What are the main causes of friction between people? Morality, ethics, health, money, politics, religion, respect . . . There are too many to name. It is a fact of life that no two people are exactly the same – which makes it doubtful that any two people will have exactly the same values attached to friction-elements or BPRs (a.k.a. Blood pressure rev’ers).
In the general course of life, we focus a lot of attention on the biggest BPRs as they are the most obvious and recognisable. The things we feel the strongest about are also the things we are most up front about – at least, I am. When you talk to / have a conversation with someone, odds are that you will let the other person know, one way or another, about your big BPRs. There is, of course, no guarantee that the other person will pick up on it, but you will put it out there and feel more in control. That’s the key. Control. You are ready, prepared to handle whatever happens next. Odds are that the big BPRs will be avoided, unless the other person feels more or less the same way.
It is easy to forget the small BPRs because those are the ones we manage, right?
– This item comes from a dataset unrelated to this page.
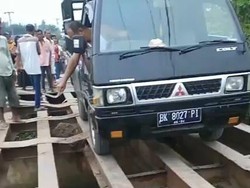 Jembatan di Sergai yang Bikin Warga Tewas Sudah 2 Tahun Rusak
Think again my friend! The small ones manage us, especially if we don’t pay attention to them. After all, they are only little irritating things that happen on a regular basis, most often when you live or work with other people. So what do we do? We flap an imaginary hand at an imaginary “fly”, silence our objections by ignoring them, all for the sake of working in harmony or to live in peace. Small BPRs remind me of creeper plants. When left to grow unchecked it can become a big, wild, ugly mess.
Now I want to refer to the small BPRs as creepers. And I want to try to manage them before they take over. My new approach, albeit theoretically, to anger management is this:
- Accept – I am different. I can’t be like anybody else. Everybody can’t be like me and it really is not fair to expect them to be.
- Take control – identify and recognise those creepers.
- Speak up – put the small BPRs out there, let people know that there is a problem. It doesn’t have to turn into a debate or argument, just a tactfully worded statement of fact.
- Maintain control – remember the real value you placed on a specific creeper and decide if it is worth it to get worked up about it.